Peter Harris

Personal information
- Nationality: Welsh
- Born: Peter G. Harris 23 August 1962 (age 64) Swansea, Wales
- Weight: Featherweight

Boxing career
- Stance: Orthodox

Boxing record
- Total fights: 33
- Wins: 16
- Win by KO: 5
- Losses: 15
- Draws: 2
- No contests: 0

= Peter Harris (boxer) =

Welsh boxer

Peter G. Harris (born 23 August 1962) is a Welsh former professional boxer. Harris became Wales featherweight Champion and in 1986 after defeating Kelvin Smart. He briefly held the British featherweight title in 1988 by defeating Kevin Taylor before winning the Welsh title for a second time in 1994. His last professional bout was in 1996.

==Career==
Harris began his professional career in February 1983, suffering a defeat via a points decision to Dave Pratt. He drew a bout with Jim Harvey before winning his first professional fight in his third bout, defeating Brett Styles on points. In 1986, Harris won the Welsh flyweight title after defeating Kelvin Smart on points.

Three further victories resulted in Harris receiving a title fight against Kevin Taylor for the vacant British featherweight championship. Harris won the bout before losing the title in his first defence against Paul Hodkinson. Harris met Hodkinson in a rematch in his next bout 14 months later, although Hodkinson had won the European title by the time of the fight. Harris lost the rematch via a TKO.

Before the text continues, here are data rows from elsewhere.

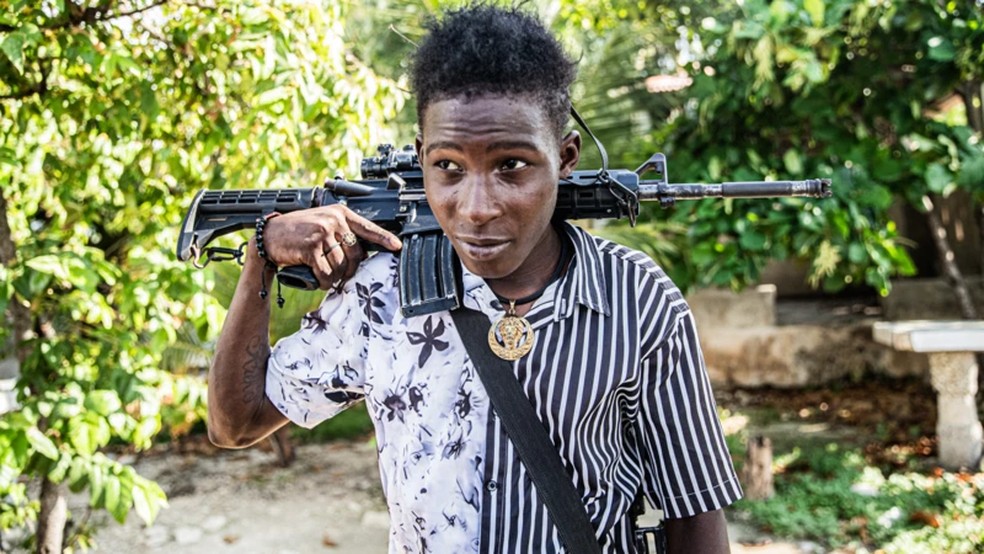 Um jovem membro de gangue de 14 anos patrulha as ruas do bairro Mariani de Porto Príncipe, no Haiti, no dia 6 de outubro de 2025 — Foto: Clarens Siffroy via BBC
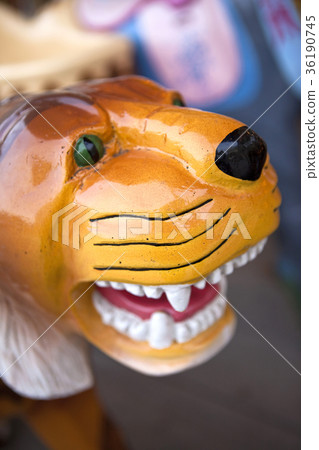 Plastic tiger on a carousel Plastic tiger on a carousel 36190745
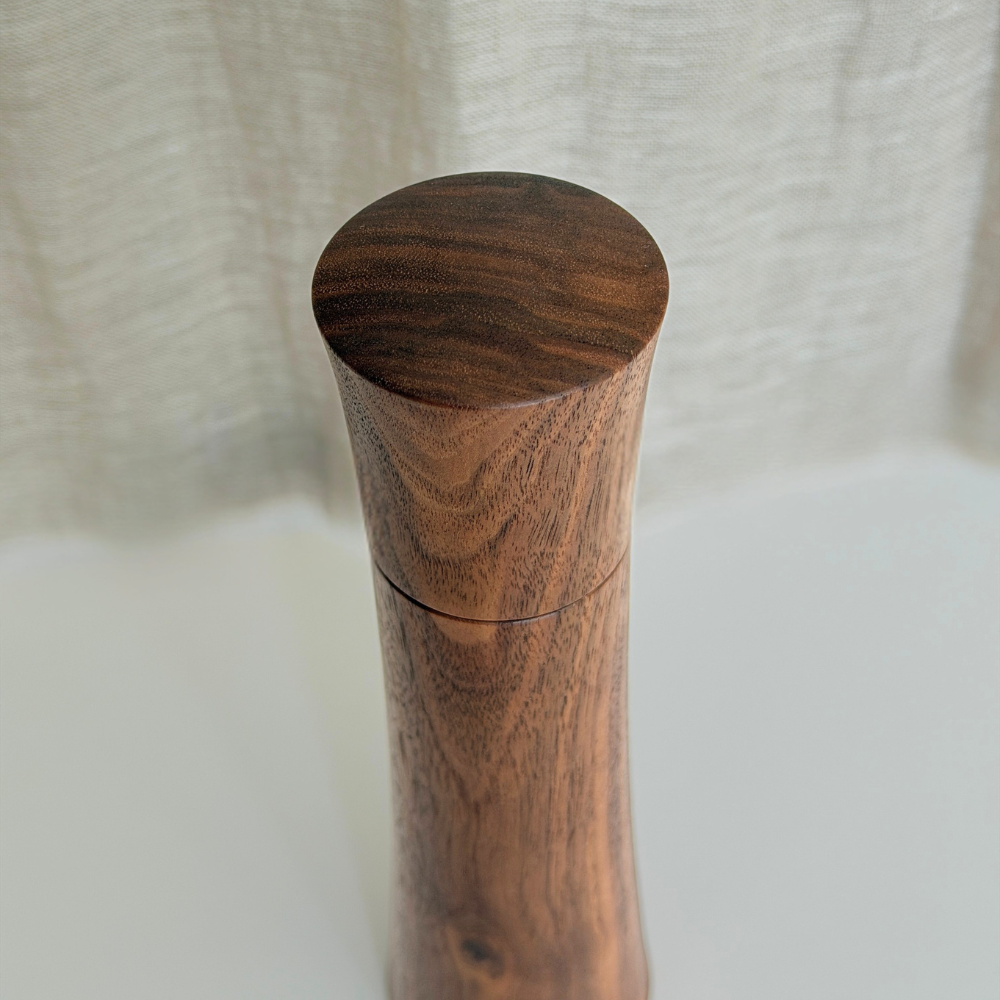 Minimalist curved top of a Pebble Studio handcrafted Walnut salt & pepper mill in Medium size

Harris fought for the Welsh featherweight title two more times during his career, losing to Steve Robinson in July 1991 before winning the vacant belt for a second time by defeating Nigel Haddock in May 1994. His final professional fight took place in 1996.

==Personal life==
Harris was born in Swansea, Wales. His son, Jay, is also a professional boxer and holds the Commonwealth, European and IBF Inter-continental flyweight titles. Harris is his son's trainer.